> [Assignment]: Among the lines of the listing below, retype exactly those from the one containing "A critical component" through the one containing "When I renamed", both included. Do not include pictures.

> [Data provided]:
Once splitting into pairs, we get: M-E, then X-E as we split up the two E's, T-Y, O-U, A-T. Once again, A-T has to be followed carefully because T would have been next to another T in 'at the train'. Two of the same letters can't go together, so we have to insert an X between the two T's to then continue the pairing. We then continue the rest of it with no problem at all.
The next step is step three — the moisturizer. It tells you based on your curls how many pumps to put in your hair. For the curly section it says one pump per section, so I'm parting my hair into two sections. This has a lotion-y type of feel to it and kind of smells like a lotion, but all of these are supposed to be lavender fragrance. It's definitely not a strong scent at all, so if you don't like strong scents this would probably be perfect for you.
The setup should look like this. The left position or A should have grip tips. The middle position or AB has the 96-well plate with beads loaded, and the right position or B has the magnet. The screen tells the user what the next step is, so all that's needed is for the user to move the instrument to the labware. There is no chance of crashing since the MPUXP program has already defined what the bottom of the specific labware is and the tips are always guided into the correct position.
--
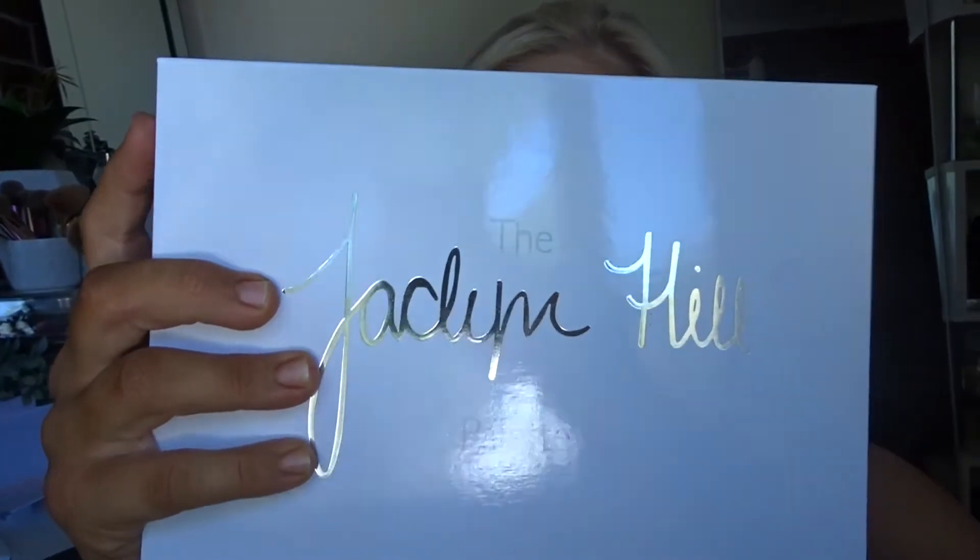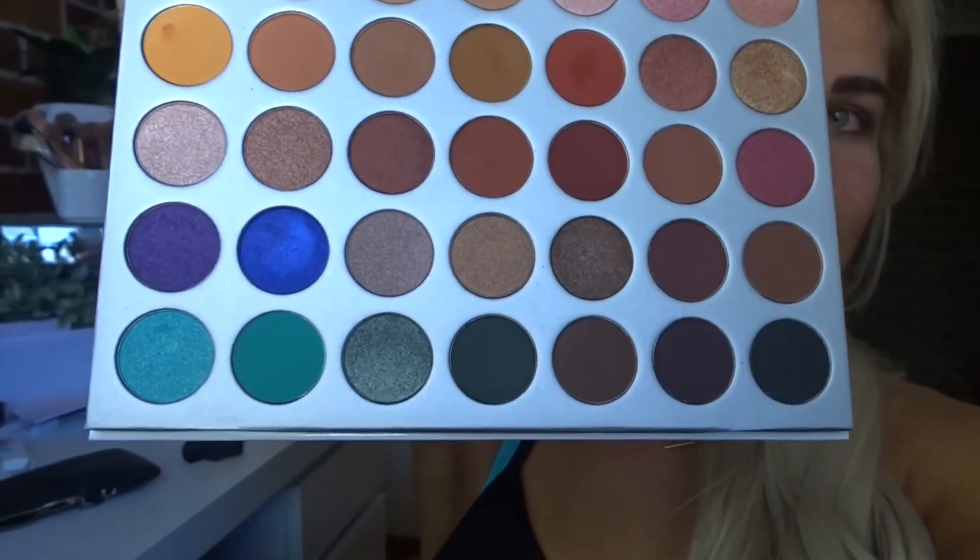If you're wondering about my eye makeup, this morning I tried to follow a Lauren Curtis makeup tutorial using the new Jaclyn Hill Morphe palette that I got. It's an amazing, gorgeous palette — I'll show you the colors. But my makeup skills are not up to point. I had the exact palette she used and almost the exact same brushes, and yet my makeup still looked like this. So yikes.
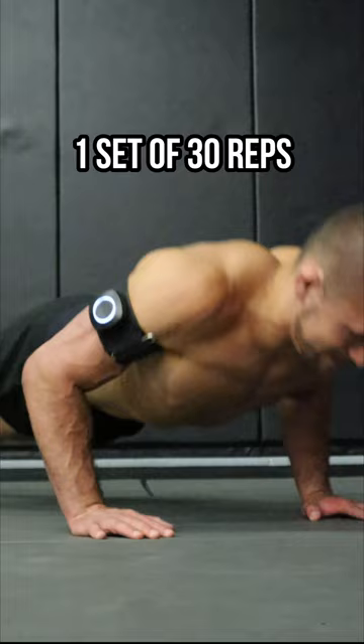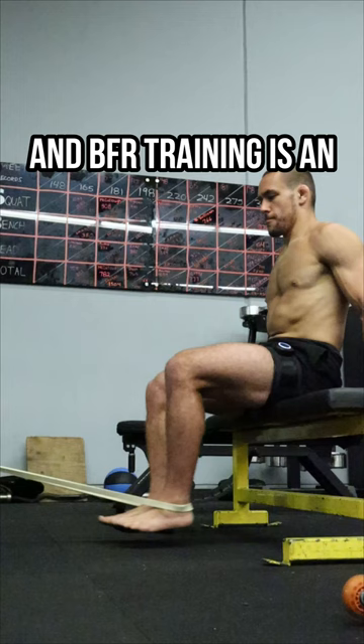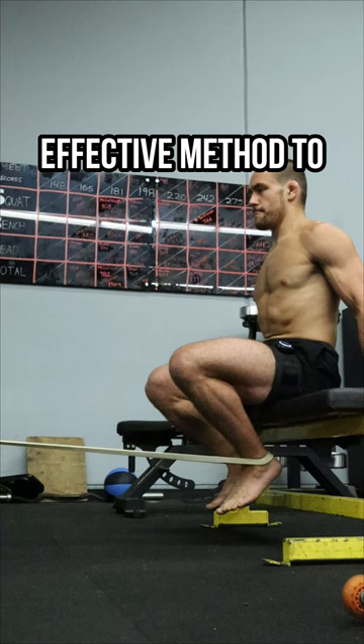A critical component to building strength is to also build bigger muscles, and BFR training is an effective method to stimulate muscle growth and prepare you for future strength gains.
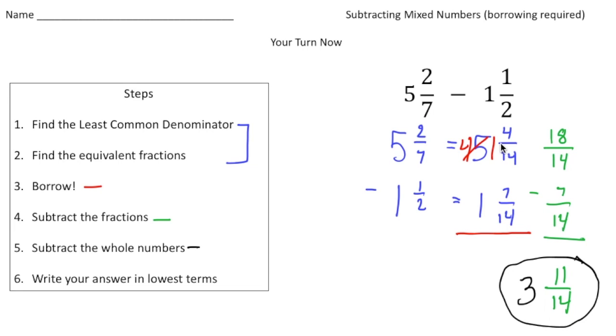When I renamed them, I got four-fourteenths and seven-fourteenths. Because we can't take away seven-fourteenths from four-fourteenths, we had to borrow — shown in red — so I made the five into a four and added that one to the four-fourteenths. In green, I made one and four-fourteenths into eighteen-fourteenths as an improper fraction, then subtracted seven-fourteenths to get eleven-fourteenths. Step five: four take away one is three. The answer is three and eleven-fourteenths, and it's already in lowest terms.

> [Response to this task]:
A critical component to building strength is to also build bigger muscles, and BFR training is an effective method to stimulate muscle growth and prepare you for future strength gains.
When I renamed them, I got four-fourteenths and seven-fourteenths. Because we can't take away seven-fourteenths from four-fourteenths, we had to borrow — shown in red — so I made the five into a four and added that one to the four-fourteenths. In green, I made one and four-fourteenths into eighteen-fourteenths as an improper fraction, then subtracted seven-fourteenths to get eleven-fourteenths. Step five: four take away one is three. The answer is three and eleven-fourteenths, and it's already in lowest terms.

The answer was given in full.